→ Captioned web images:
↓↓↓
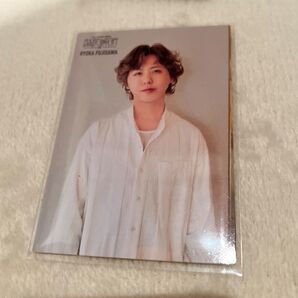 ミセス 藤澤涼架 フォトカ トレカ バベル babel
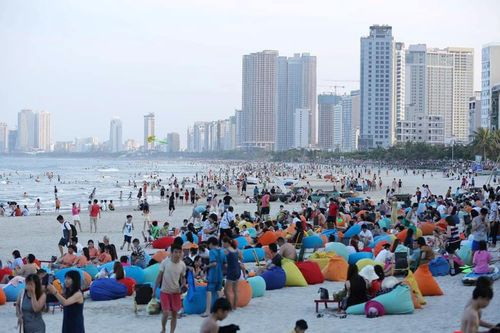 2 bãi biển của Đà Nẵng và Quảng Nam lọt top 10 bãi biển hàng đầu Châu Á
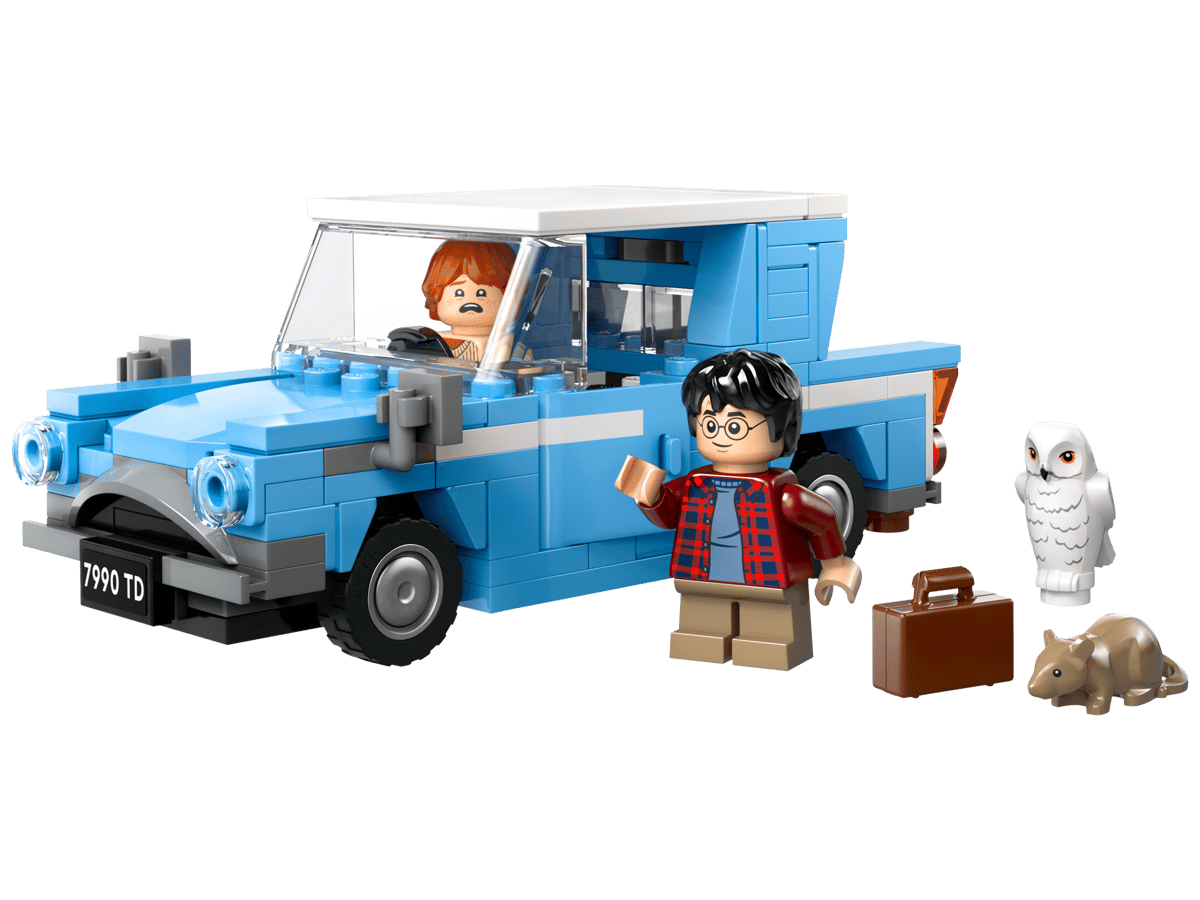 FORD ANGLIA VOLADOR 76424 LEGO HARRY POTTER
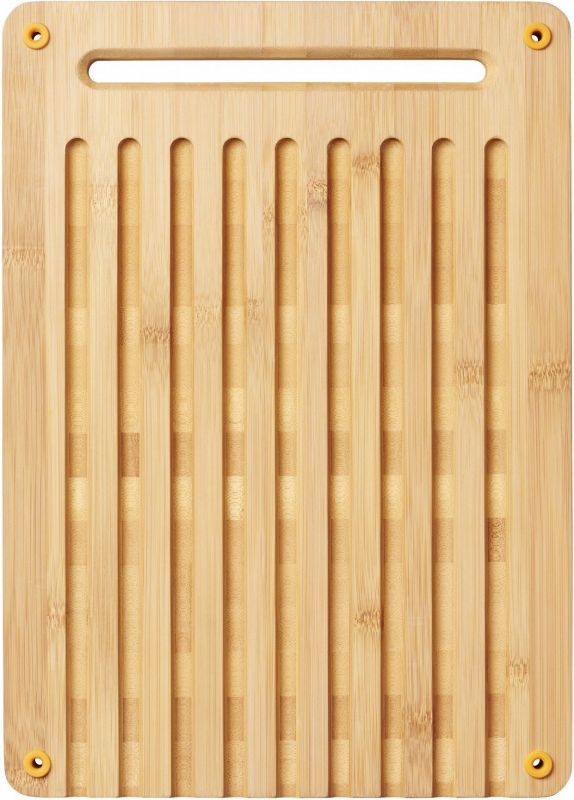 Дошка бамбукова Fiskars Functional Form для хлібу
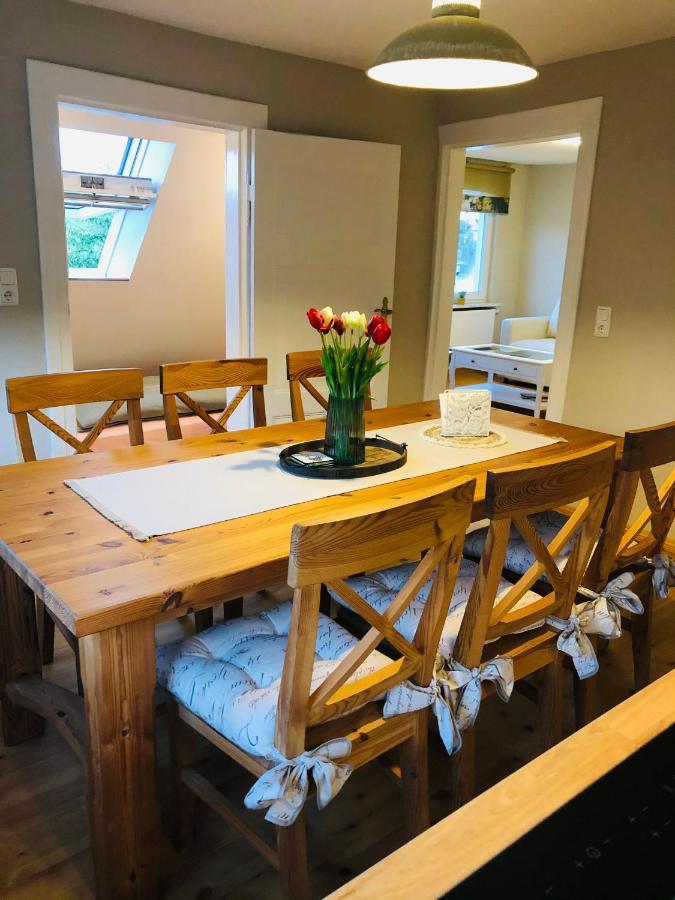 Ferienwohnung C Im Ferienhaus Antika Ratzeburg Zewnętrze zdjęcie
↑↑↑
→ REQUIRED WORK:
From the first line to the last, repeat the records exactly and skip the pictures.

→ RESULT FOR THIS EXERCISE:
 ミセス 藤澤涼架 フォトカ トレカ バベル babel
 2 bãi biển của Đà Nẵng và Quảng Nam lọt top 10 bãi biển hàng đầu Châu Á
 FORD ANGLIA VOLADOR 76424 LEGO HARRY POTTER
 Дошка бамбукова Fiskars Functional Form для хлібу
 Ferienwohnung C Im Ferienhaus Antika Ratzeburg Zewnętrze zdjęcie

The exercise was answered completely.